Activity
Write out exactly, excluding pictures, the lines from the one containing "Detail view of" through the end of the data, both included.

----

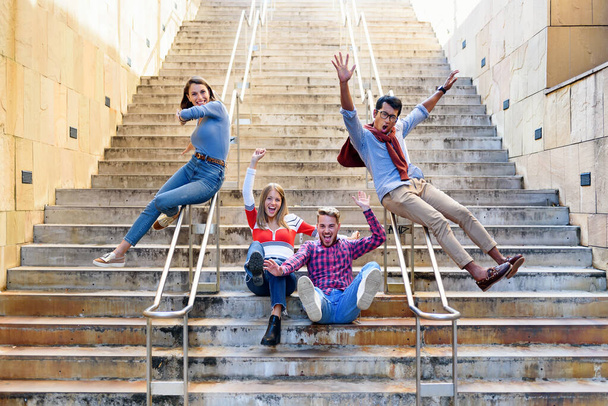 Grupo multicultural de amigos felizes animados aplaudindo e rindo enquanto deslizam pelos trilhos de um lance de escadas externas em uma cidade em um conceito de liberdade e estilo de vida ativo - Foto, Imagem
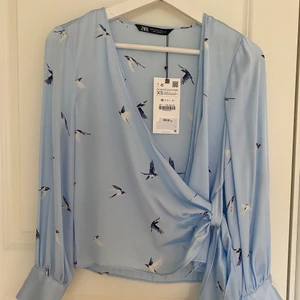 Blå satinblus med pärlor vid ärmarna  - Blå satinblus med pärlor vid ärmarna och fåglar på blusen. Aldrig använd (prislapp kvar). Säljer pga utrensning av garderob. Köpt från zara för 359kr. Storlek XS. 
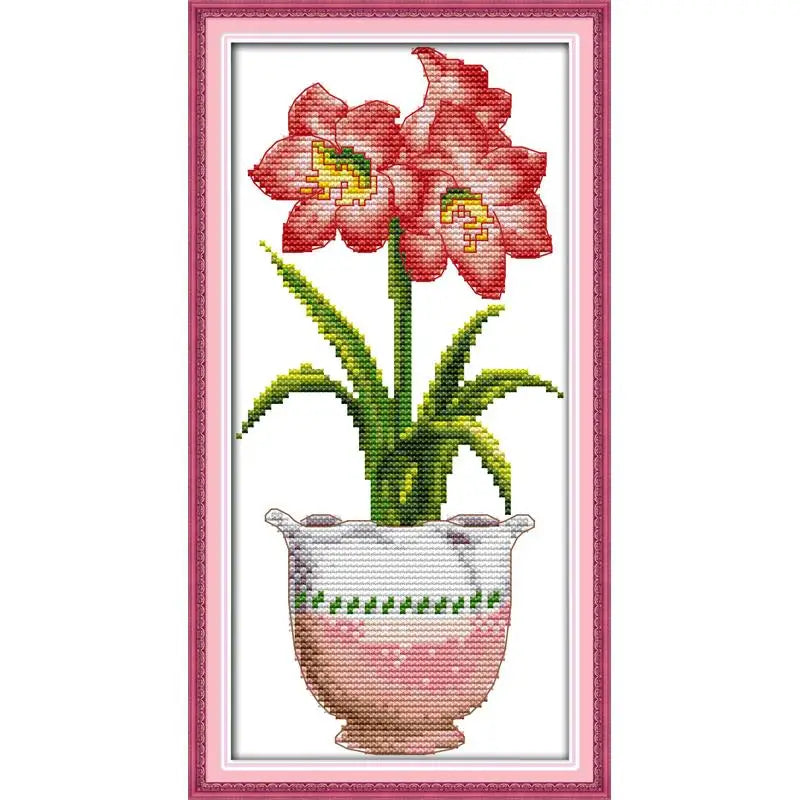 Cross-stitched design of pink flowers in a vase with a pink frame.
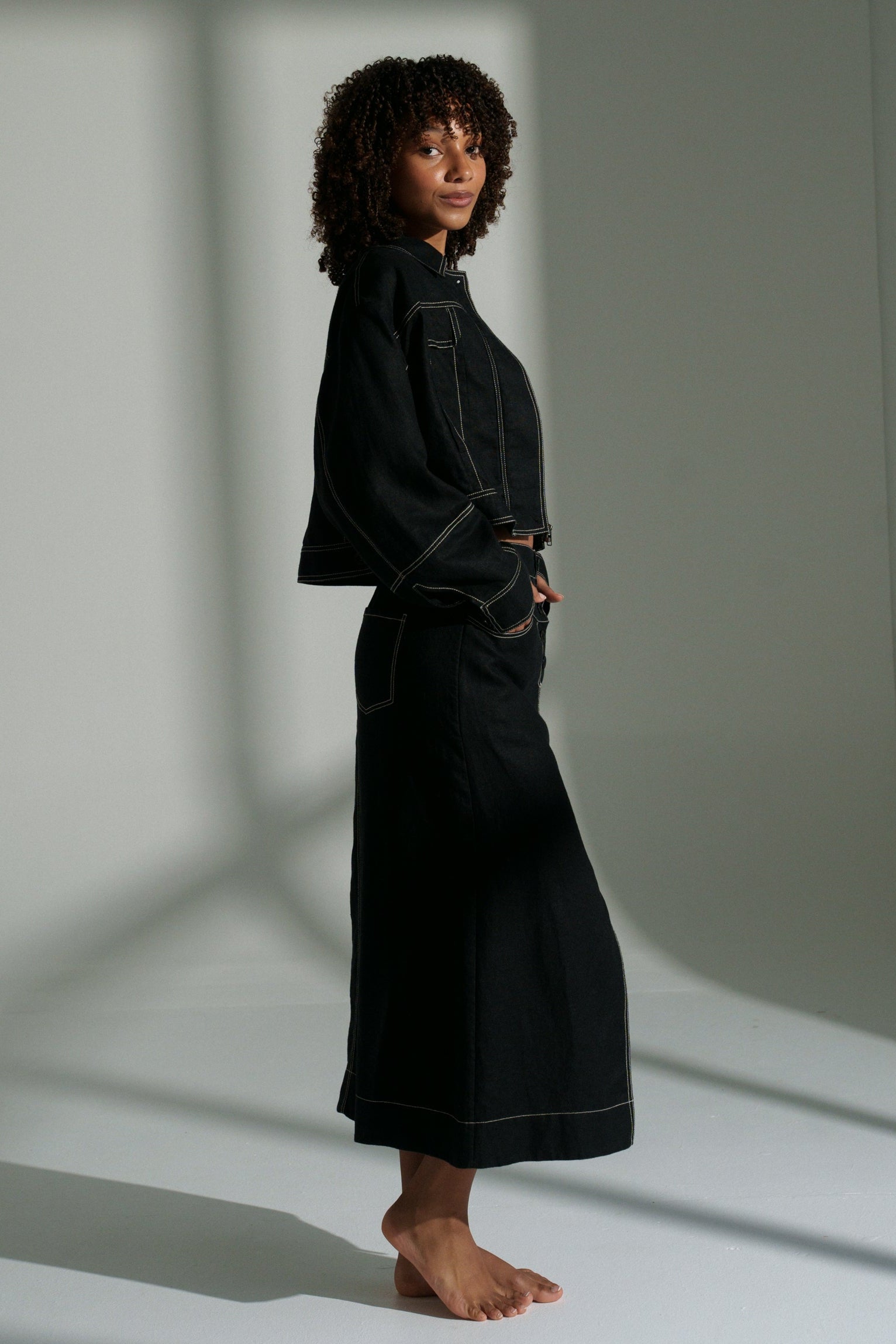 LILLY PILLY woman wearing a black Wes linen jacket standing in a room with light casting shadows on the wall.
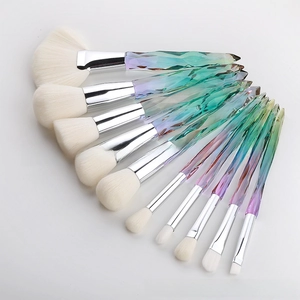 Detail view of 10-piece crystal makeup brushes with purple diamond-cut gradient handles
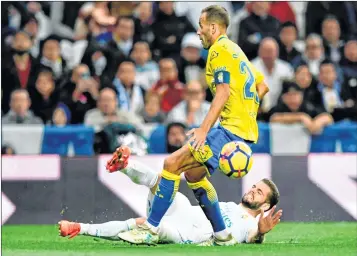  ??  ?? Las Palmas' Spanish defender Ximo Navarro challenges Real Madrid's Spanish defender Nacho Fernandez (back) during the Spanish league football match at the Santiago Bernabeu stadium.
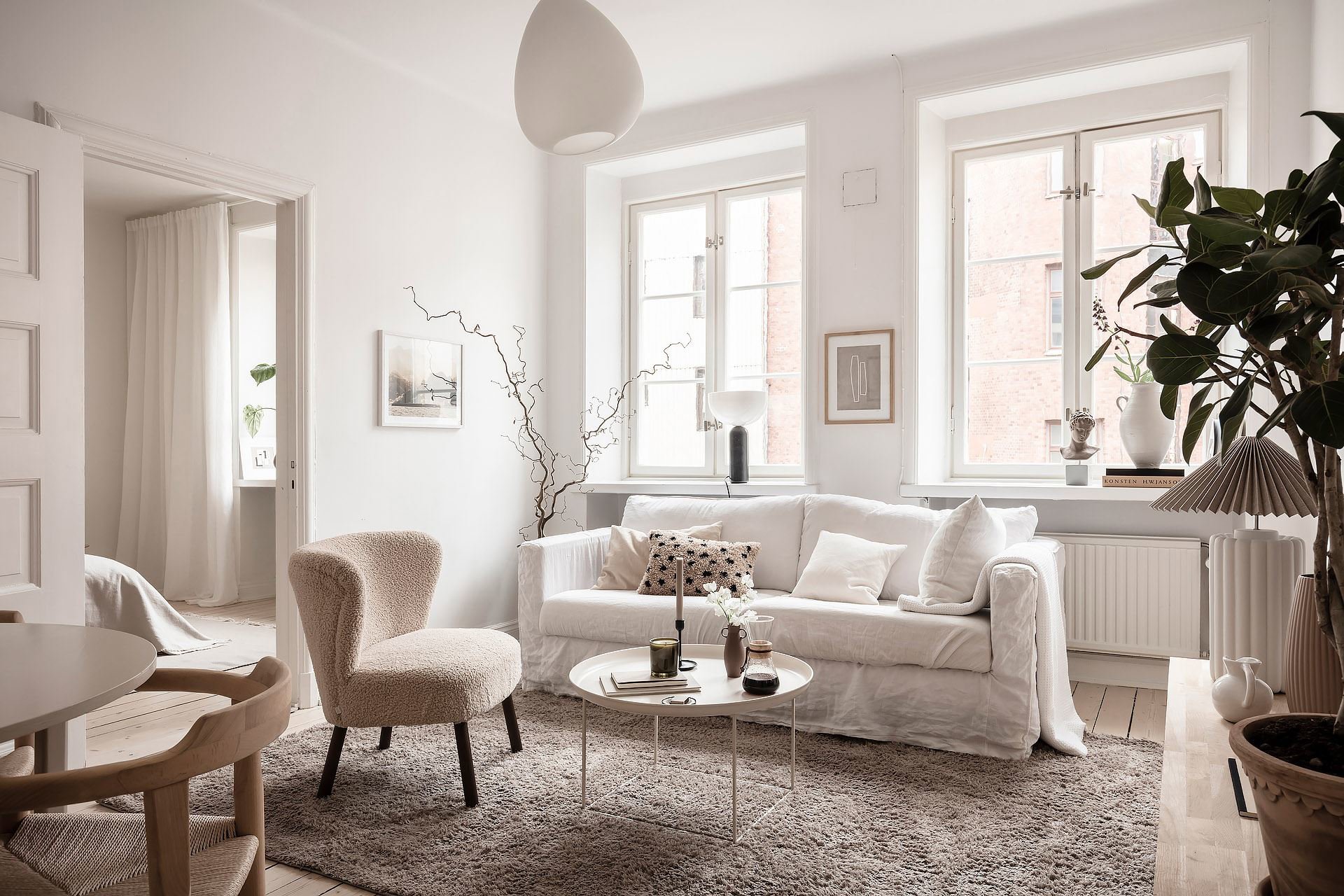 Salón de casa en Suecia con colores blancos, texturas y plantas grandes. Cuenta con buena iluminación, típico de los salones nórdicos. 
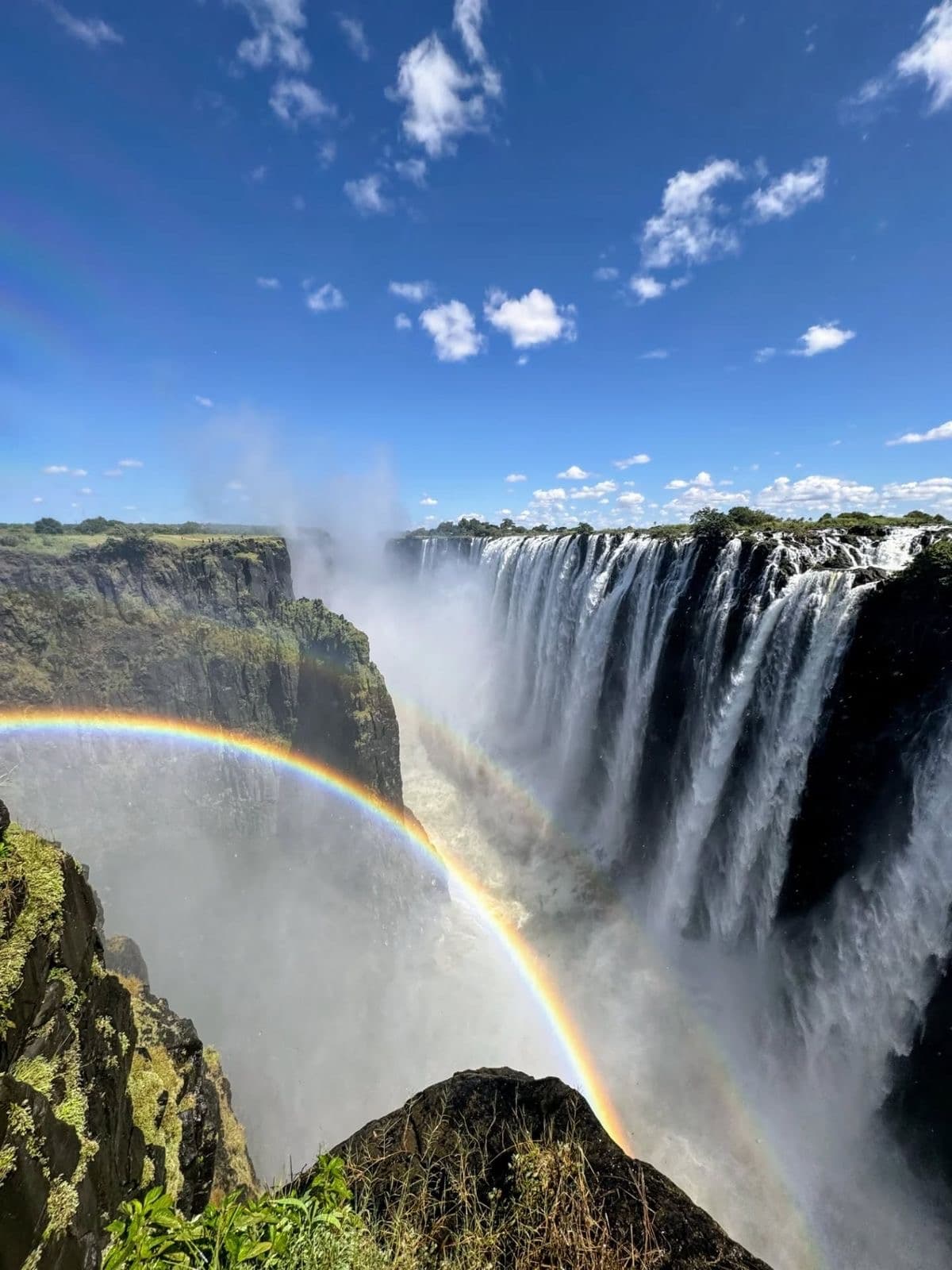 Victoria Falls — rainbow over the gorge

----

Solution for this problem
 Detail view of 10-piece crystal makeup brushes with purple diamond-cut gradient handles
  ??  ?? Las Palmas' Spanish defender Ximo Navarro challenges Real Madrid's Spanish defender Nacho Fernandez (back) during the Spanish league football match at the Santiago Bernabeu stadium.
 Salón de casa en Suecia con colores blancos, texturas y plantas grandes. Cuenta con buena iluminación, típico de los salones nórdicos. 
 Victoria Falls — rainbow over the gorge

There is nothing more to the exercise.